In my quest for a breathable fullface, the MET parachute pops up all the time, together with RUMORS of having the face protection snap and endanger the face, making it a dangerous helmet. 
Yet, after 30 minutes of searches, I haven't found any clear story in MTBR that verifies this rumor.
So... Does anyone have such a bad experience with this helmet? Or is i just a bogus rumor on a great product?

Thanks!
tald


----------



## Haggis (Jan 21, 2004)

tald said:


> In my quest for a breathable fullface, the MET parachute pops up all the time, together with RUMORS of having the face protection snap and endanger the face, making it a dangerous helmet.
> Yet, after 30 minutes of searches, I haven't found any clear story in MTBR that verifies this rumor.
> So... Does anyone have such a bad experience with this helmet?
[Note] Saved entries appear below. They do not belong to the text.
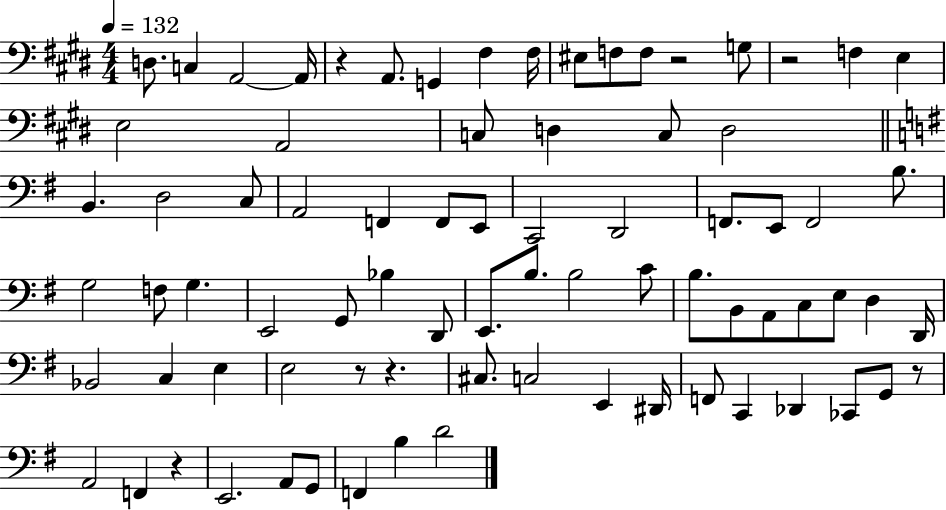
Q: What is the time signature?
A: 4/4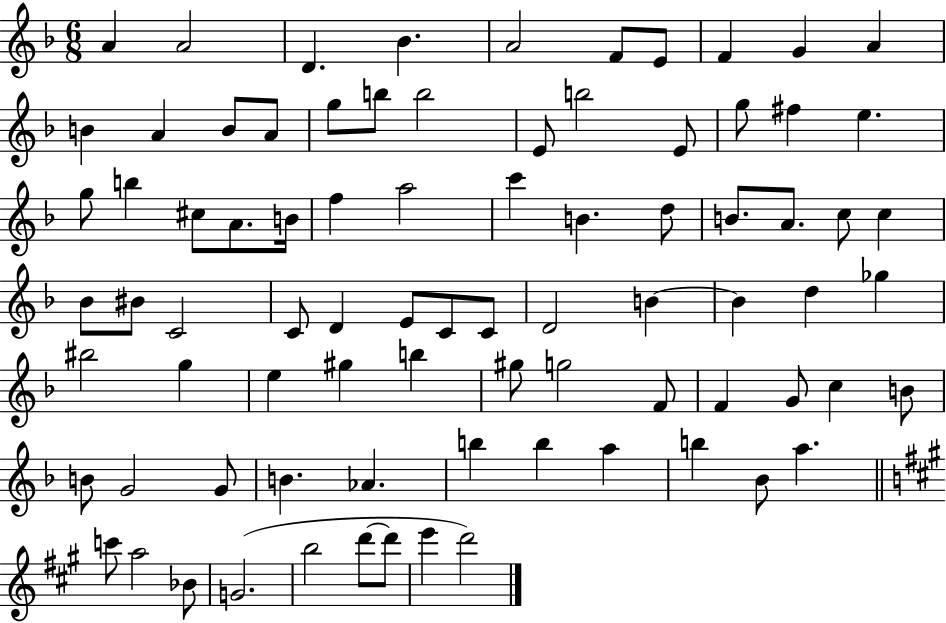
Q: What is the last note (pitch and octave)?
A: D6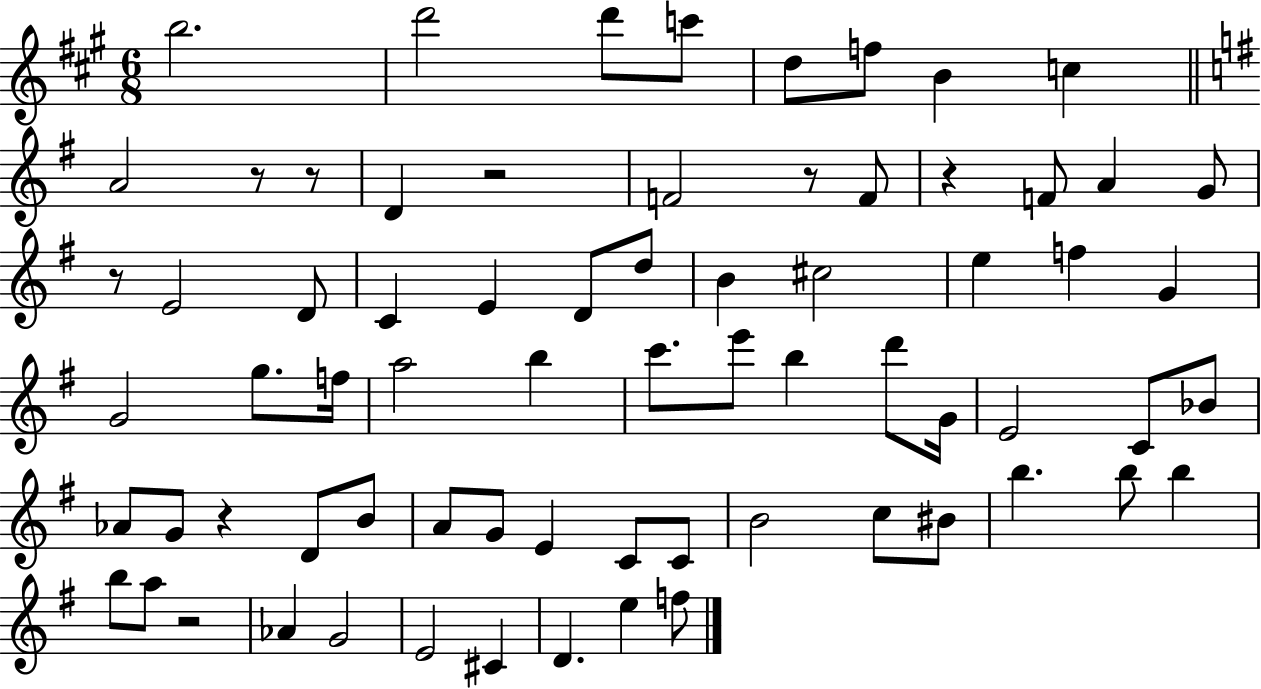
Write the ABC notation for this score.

X:1
T:Untitled
M:6/8
L:1/4
K:A
b2 d'2 d'/2 c'/2 d/2 f/2 B c A2 z/2 z/2 D z2 F2 z/2 F/2 z F/2 A G/2 z/2 E2 D/2 C E D/2 d/2 B ^c2 e f G G2 g/2 f/4 a2 b c'/2 e'/2 b d'/2 G/4 E2 C/2 _B/2 _A/2 G/2 z D/2 B/2 A/2 G/2 E C/2 C/2 B2 c/2 ^B/2 b b/2 b b/2 a/2 z2 _A G2 E2 ^C D e f/2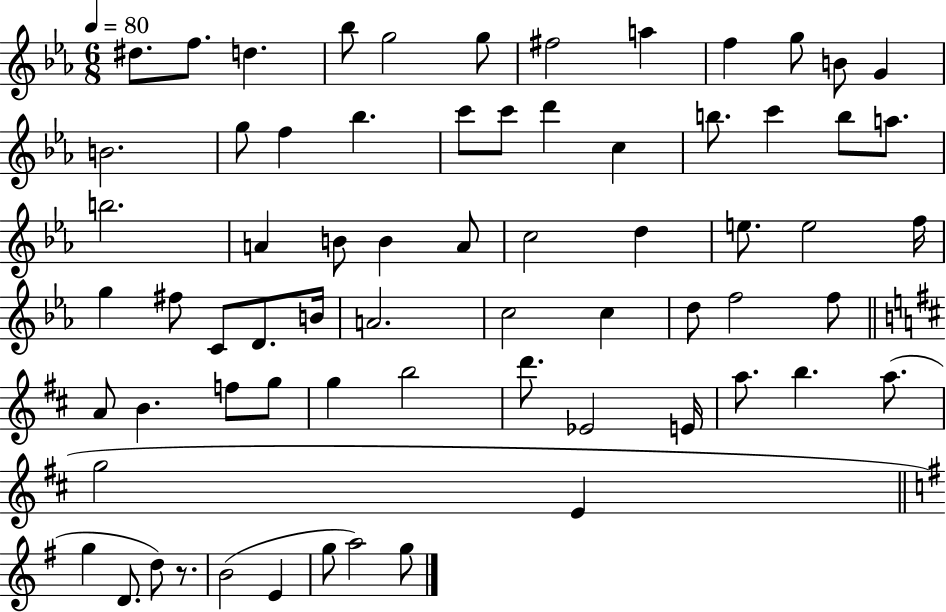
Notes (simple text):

D#5/e. F5/e. D5/q. Bb5/e G5/h G5/e F#5/h A5/q F5/q G5/e B4/e G4/q B4/h. G5/e F5/q Bb5/q. C6/e C6/e D6/q C5/q B5/e. C6/q B5/e A5/e. B5/h. A4/q B4/e B4/q A4/e C5/h D5/q E5/e. E5/h F5/s G5/q F#5/e C4/e D4/e. B4/s A4/h. C5/h C5/q D5/e F5/h F5/e A4/e B4/q. F5/e G5/e G5/q B5/h D6/e. Eb4/h E4/s A5/e. B5/q. A5/e. G5/h E4/q G5/q D4/e. D5/e R/e. B4/h E4/q G5/e A5/h G5/e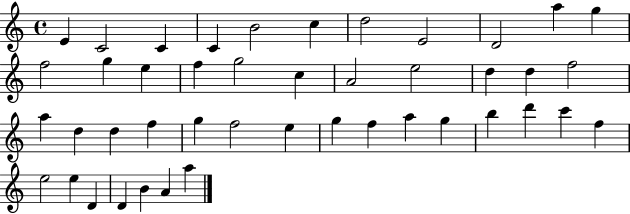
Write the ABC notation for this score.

Or is i just a bogus rumor on a great product?
> 
> ...


Probably get better response on a Euro forum where they can actually buy these things. The German Casco Viper looks more protective and chin guard clips off without tools.


----------



## fiveo (Apr 26, 2006)

I too have been looking for an AM helmet with a face protection. I found a Euro Mag a few months back with reviews on both the MET and Viper. I agree the Viper is teh way to go. But how can we get one here in the states?


----------



## blossom (Jul 30, 2006)

I have the parachute and it has trouble with my safe-T twist staying in place. It gets loose after i lock it tight and does not stay in the position i put it at, it happens at the slidest movement when i ride. wearing a bandana helps, but not a 100% and can live with it since i paid $180 for it. Tried custumer service (chain reaction where i purchased it on line in uk) and The manufacture directly... No response. It supposed to have 3 yr. warranty, but appearantly not i usa...see small print on line with MET. It started about after 3 month and i ride often (3-6x week). 
Otherwise i had one crash (small jump) where i landed on the side of my face and i had good protection and was glad i had this helmet to save my chin/teeth with no scratch. Another friend that owns one has no trouble with the safe-T twist... maybe i got lemon? but not having customer service sucks! It is light and airy i have to give it that. You may also want to check with giro, they have a new one out now with a chin strap but i don't know the model name!


----------



## Structure (Dec 29, 2003)

*No problems with my MET*

Works great. Love the thing. An easy to wear XC helmet with a bit extra protection. However, I have not crashed hard with it. If I was going to ride aggressive stuff, I'd want more protection.


----------